Debate is a teaching methodology that helps learners research, study, and present their ideas about an important issue by preparing for a formal discussion. Thus, a lot of the process is about research and idea generation. The structure of the discussion is regulated by the debate format chosen (more on this later), the arguments and counterarguments presented are evaluated by a judge or jury, and a winning side is chosen.
Curious about the ins and outs of presenting an issue in a way that gets both sides heard? Read on!
1. Why debate is (still) a thing
Our earliest teachers of debate come from Ancient Greece, where philosophers to the likes of Socrates and Aristotle debated on a large spectrum of topics, from political to philosophical issues. Moving forward, debate took on a more formal shape, as US senators and presidential candidates battled it out with words starting as far back as the 1850s. But, what do we mean by debate in terms of teaching methods today? In a nutshell, debate is a collaborative and competitive approach in which teams research and present opposing points of view.
In a learning environment (like at school or L&D in an organization), debate can be used to drive engagement and knowledge building by having participants read, study, and research to then discuss any topics that are relevant, important, and legitimately have two sides, both of which could be argued for. It is a methodology that anyone can use and offers numerous high-demand skill-building opportunities, including:
- Critical thinking
- Persuasive writing
- Public speaking
2. How to set up a proper debate
Interested in setting up this method as part of your training? Here is our simple step-by-step guide to help you design a proper debate:
- Prepare participants with common debating phrases and verbal and non-verbal debate etiquette.
- Choose a topic for the debate. Need to decide whether to use Agile or Waterfall methodologies for product management? Choosing an employee wellness initiative? Anything relevant and important to your organization goes.
- Divide participants into teams – pairs or groups that will argue for one side or the other of the issue. Random assigning is encouraged, for example, using a Random Team Picker. This is to ensure fair chance given to both sides of the issue, and that the process is bias-minimized.
- Research phase – set time (e.g. 1 hour) and expectations (e.g. use at least 3 sources) for collecting the facts. The shorter the prep time, the more competitive edge the debate will have!
- Structure the debate – prepare each side to present their arguments in an – introduction, main points, and conclusion – framework. Let’s take the Agile-Waterfall methodology example.
[Image] Team Agile – explain what the Agile methodology is (group 1), give some main advantages (group 2), and wrap up with your most convincing summary (group 3). Yes, you saw that right – depending on the number of participants, separate groups can be assigned to work on different parts of the presentation and share findings via [Image]
- The performance – it’s debate time! Each side presents its findings. First, let’s have the Agile group state their case, then Team Waterfall – take the mic! The trainer, in the role of a judge, takes notes for further evaluation.
The results – discuss and reflect together – how did it go? Which side was more convincing? The team with the most sound argument wins!
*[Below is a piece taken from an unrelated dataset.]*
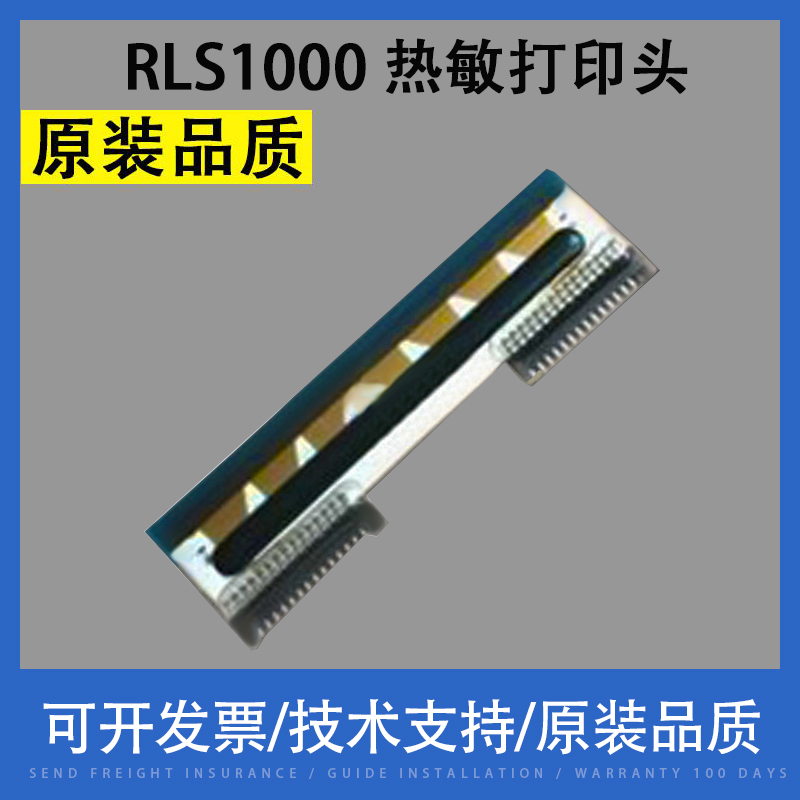 容大电子秤RLS1000热敏打印头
While the actual debating takes place in just steps 6 and 7, it could not happen without the learning in all the prior activities building up to it.
3. How you can apply it on WeSchool
Use the Open Lesson feature in WeSchool to create a research and debate space for your team!
4. Other debate models
What you just saw above is an adaptation of the World School Debate model that could be used in any learning environment. This is a solid model to refer to especially if you want to start out with a first debate, and it gives the option to evaluate on content (the facts!) as well as style and overall strategy. It’s not just the facts, it’s how you deliver them that matters!
- Have a group of politically-savvy participants? Let them serve as Deputy Prime Minister in Parliamentary debate, where they will speak like law-makers, using terms like “This house believes that…” and “I support this motion!” This style of debate takes the competitiveness up a notch, where even groups on one side are competing against each other to be crowned winners. This could be a fun approach to adopt if dealing with any Human Resources or organizational matters in your workplace.
- The Karl Popper Debate format necessitates rigorous research on both sides of the issue, from both sides, and usually on controversial topics. The debate flow consists of six uninterrupted speeches and four cross-examinations, or fiery cross-side Q&A. Use this if dealing with an urgent topic that needs to be clarified – like the pros and cons of switching your company over from Google to Microsoft by the end of the month.
- Multi-sided debates are great if you are not in a rush. This framework shows how a debate session can be easily broken up into chunks and completed in more than one sitting.
- Public Forum debate is a good one to use when there’s an issue that needs to be resolved. The special component not found in other debate models is that the evaluator is told what ethical value to focus on to frame the resolution, be it national security or the greatest good for the greatest number of people. This may be a good option when deciding on people-centered initiatives, like DEI and employee wellness strategy.
5. TL;DR: Debate in a nutshell
All in all, while any debate framework presents a strict set of rules to adhere to, they can be adapted as guidelines. Choose a topic important to your organization, break participants into teams, let them do some research, and present their findings. Discuss the results together at the end – whose case was more convincing?